The task:
For the entries below, count the lines containing "online" and give only that number.

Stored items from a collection

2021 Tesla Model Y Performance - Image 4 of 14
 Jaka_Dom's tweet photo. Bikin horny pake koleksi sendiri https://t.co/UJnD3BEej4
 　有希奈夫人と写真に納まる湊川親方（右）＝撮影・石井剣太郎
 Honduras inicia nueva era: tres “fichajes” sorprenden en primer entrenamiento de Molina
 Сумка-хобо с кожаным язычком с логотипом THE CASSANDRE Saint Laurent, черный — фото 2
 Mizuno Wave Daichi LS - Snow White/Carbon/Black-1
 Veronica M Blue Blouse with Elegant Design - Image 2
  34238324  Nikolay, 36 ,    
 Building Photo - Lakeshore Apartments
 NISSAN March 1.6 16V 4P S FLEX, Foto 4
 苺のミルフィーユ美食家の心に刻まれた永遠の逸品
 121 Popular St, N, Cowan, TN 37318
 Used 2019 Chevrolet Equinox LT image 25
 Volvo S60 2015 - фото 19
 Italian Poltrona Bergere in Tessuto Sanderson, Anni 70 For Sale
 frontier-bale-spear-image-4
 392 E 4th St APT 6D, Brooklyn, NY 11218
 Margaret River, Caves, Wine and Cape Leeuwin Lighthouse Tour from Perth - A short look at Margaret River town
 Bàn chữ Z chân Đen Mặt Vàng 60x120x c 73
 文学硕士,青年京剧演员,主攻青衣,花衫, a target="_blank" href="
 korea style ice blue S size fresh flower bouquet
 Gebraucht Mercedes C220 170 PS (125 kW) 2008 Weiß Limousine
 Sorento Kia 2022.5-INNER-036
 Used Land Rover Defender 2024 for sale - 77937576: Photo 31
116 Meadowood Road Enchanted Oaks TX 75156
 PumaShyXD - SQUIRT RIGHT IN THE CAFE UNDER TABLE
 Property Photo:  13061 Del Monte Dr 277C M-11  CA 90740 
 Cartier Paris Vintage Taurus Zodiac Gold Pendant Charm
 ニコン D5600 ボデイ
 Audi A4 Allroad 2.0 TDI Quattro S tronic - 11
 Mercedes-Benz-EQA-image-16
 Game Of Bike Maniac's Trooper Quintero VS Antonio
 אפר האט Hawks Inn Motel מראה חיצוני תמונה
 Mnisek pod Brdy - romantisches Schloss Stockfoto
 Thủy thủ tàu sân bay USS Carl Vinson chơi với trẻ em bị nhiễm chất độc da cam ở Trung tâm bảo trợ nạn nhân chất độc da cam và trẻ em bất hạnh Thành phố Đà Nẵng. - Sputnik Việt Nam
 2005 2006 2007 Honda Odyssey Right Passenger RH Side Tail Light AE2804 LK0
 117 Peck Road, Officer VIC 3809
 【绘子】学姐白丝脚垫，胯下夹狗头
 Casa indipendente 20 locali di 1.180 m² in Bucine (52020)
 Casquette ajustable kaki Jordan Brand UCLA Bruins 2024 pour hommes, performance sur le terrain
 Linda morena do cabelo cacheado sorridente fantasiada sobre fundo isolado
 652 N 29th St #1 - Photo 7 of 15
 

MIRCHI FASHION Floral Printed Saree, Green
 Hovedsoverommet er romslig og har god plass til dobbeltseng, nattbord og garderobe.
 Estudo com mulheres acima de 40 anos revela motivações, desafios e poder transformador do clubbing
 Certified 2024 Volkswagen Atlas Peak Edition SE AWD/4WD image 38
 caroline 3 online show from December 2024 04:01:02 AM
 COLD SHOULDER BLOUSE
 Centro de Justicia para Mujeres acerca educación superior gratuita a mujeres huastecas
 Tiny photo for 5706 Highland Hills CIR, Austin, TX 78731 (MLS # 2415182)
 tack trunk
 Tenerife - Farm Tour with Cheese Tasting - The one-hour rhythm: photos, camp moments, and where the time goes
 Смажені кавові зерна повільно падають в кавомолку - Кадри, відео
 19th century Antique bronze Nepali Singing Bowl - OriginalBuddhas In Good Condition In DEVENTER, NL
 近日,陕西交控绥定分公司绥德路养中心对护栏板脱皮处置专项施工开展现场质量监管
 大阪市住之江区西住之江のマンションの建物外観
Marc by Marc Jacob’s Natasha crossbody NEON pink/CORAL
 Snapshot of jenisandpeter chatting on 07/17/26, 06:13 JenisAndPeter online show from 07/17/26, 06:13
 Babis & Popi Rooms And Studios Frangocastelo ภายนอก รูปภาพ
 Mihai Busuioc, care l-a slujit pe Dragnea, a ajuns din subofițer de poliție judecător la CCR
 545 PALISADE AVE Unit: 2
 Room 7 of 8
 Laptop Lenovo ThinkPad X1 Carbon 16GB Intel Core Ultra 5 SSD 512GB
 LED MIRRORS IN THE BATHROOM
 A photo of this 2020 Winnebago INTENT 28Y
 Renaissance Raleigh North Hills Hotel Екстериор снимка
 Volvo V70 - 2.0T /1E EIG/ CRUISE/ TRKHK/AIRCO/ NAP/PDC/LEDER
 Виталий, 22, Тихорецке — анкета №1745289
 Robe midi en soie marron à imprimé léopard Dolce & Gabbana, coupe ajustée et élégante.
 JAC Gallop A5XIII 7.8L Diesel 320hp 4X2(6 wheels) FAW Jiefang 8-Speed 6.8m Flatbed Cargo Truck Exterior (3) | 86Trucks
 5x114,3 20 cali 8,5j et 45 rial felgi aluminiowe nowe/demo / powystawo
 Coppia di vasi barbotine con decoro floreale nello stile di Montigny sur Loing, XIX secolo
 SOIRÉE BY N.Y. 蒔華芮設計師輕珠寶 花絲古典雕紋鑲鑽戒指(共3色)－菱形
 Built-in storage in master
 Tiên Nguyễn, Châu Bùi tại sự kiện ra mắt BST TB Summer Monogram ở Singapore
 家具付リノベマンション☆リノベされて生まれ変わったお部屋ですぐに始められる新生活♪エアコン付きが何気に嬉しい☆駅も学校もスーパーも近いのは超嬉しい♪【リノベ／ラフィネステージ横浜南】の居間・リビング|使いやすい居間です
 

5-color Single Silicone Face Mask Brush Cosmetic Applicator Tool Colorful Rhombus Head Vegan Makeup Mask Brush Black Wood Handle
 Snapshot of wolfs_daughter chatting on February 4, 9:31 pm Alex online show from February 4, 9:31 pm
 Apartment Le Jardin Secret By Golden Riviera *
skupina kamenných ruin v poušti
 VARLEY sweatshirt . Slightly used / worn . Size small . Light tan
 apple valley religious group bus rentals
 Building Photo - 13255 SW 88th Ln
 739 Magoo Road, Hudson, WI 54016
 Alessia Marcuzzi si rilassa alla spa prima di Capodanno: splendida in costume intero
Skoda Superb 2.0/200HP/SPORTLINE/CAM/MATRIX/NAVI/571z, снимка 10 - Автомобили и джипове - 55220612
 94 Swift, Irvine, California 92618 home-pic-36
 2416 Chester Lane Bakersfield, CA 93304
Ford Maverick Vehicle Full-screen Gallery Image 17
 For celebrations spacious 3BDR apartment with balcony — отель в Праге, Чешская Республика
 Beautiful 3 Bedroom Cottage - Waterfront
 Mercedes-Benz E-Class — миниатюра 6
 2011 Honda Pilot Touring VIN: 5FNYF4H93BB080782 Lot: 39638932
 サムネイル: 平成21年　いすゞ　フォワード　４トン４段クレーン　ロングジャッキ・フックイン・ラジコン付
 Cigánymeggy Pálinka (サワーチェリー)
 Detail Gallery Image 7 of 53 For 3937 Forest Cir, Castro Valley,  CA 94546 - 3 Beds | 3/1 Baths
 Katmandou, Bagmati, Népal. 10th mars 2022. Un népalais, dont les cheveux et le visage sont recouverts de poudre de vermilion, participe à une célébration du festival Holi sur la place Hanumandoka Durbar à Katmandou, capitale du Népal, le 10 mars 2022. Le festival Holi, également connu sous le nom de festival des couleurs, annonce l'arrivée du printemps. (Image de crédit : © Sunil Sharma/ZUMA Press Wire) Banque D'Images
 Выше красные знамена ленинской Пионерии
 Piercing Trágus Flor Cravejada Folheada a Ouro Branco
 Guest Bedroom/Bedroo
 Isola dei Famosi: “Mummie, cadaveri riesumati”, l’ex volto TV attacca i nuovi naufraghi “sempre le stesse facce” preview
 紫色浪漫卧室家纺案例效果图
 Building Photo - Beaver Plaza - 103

Result for this exercise:
3